─── Given data ───
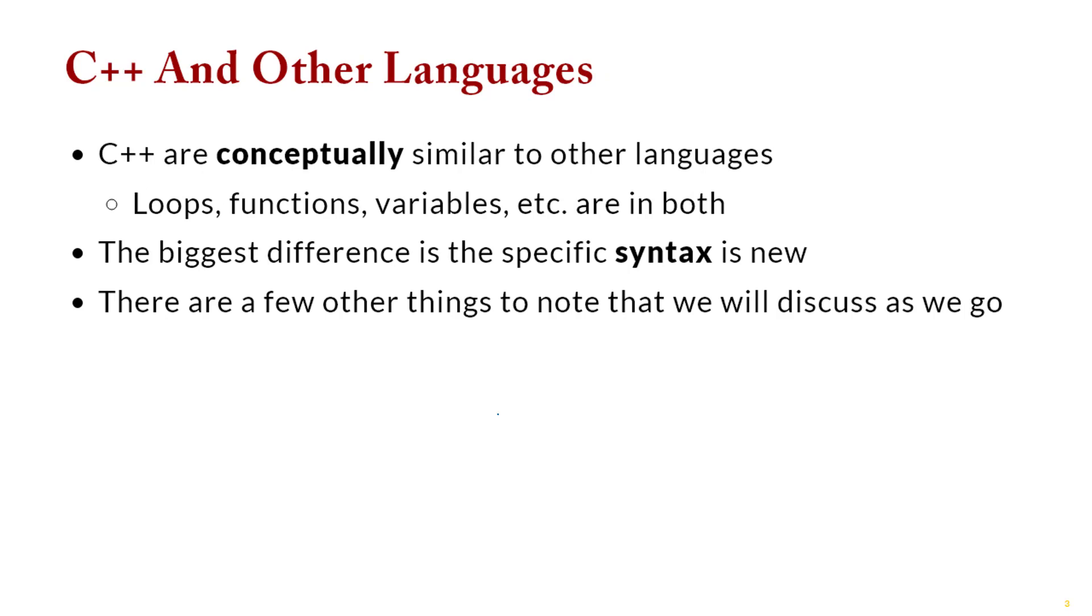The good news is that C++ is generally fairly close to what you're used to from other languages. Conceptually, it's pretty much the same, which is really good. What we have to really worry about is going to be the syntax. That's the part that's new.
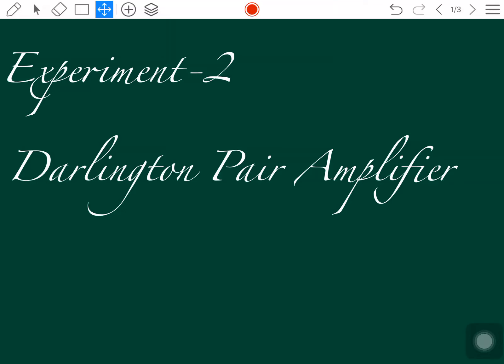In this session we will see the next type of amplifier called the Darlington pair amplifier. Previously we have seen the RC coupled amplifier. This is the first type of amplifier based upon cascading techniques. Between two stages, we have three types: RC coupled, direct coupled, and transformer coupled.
───
─── Given data ───
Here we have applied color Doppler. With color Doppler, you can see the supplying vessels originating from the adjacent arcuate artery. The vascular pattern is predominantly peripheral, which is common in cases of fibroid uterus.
───
─── Given data ───
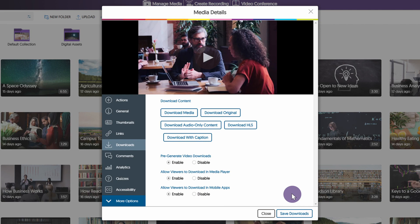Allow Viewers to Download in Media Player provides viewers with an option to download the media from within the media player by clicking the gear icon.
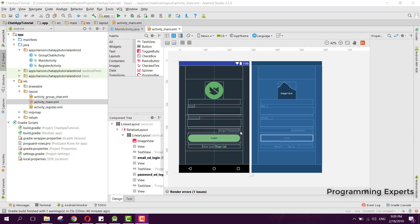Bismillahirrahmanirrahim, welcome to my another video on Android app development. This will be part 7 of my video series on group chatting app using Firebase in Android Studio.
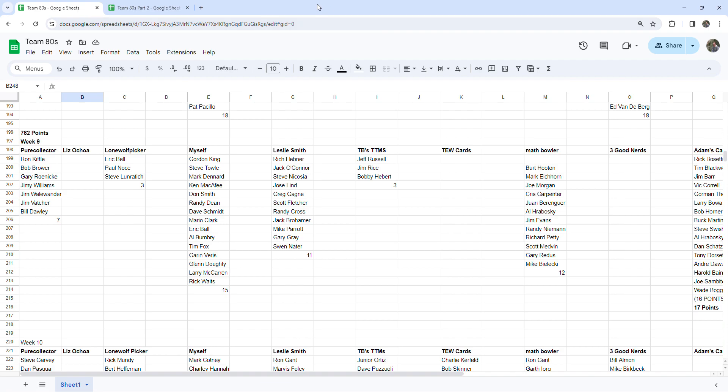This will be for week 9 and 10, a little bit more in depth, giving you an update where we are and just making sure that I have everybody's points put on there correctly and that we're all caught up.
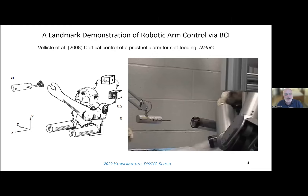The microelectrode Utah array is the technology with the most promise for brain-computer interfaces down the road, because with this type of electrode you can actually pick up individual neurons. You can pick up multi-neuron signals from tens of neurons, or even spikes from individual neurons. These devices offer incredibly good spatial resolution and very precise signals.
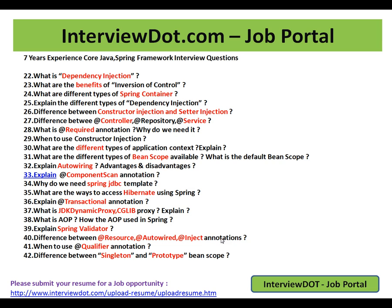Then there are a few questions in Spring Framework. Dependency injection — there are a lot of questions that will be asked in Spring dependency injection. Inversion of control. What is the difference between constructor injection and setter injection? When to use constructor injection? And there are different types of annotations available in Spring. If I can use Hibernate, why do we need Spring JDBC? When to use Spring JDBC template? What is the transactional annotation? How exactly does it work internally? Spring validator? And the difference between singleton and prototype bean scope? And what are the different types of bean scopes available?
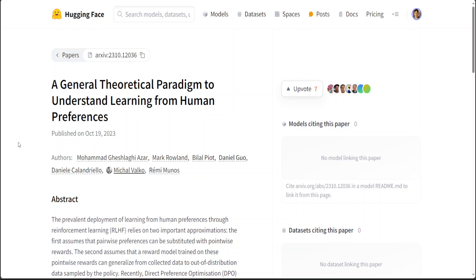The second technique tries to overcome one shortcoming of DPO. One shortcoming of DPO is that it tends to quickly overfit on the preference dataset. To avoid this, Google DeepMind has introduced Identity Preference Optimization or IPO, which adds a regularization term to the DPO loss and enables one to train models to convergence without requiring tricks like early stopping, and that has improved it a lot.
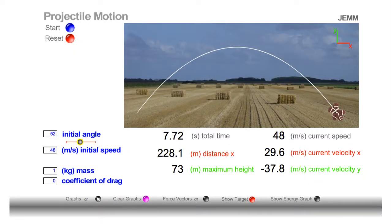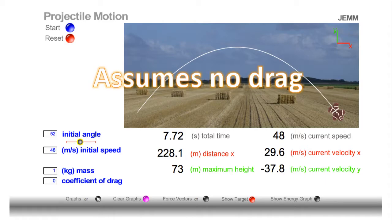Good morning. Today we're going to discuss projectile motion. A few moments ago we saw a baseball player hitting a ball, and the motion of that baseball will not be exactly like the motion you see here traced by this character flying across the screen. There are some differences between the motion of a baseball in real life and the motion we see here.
───
Task instructions: In the entries above, find the line that contains "The microelectrode Utah" and the line that contains "Then there are". Reproduce exactly those two lines and every line between them, but not the pictures.

Completed exercise:
The microelectrode Utah array is the technology with the most promise for brain-computer interfaces down the road, because with this type of electrode you can actually pick up individual neurons. You can pick up multi-neuron signals from tens of neurons, or even spikes from individual neurons. These devices offer incredibly good spatial resolution and very precise signals.
Then there are a few questions in Spring Framework. Dependency injection — there are a lot of questions that will be asked in Spring dependency injection. Inversion of control. What is the difference between constructor injection and setter injection? When to use constructor injection? And there are different types of annotations available in Spring. If I can use Hibernate, why do we need Spring JDBC? When to use Spring JDBC template? What is the transactional annotation? How exactly does it work internally? Spring validator? And the difference between singleton and prototype bean scope? And what are the different types of bean scopes available?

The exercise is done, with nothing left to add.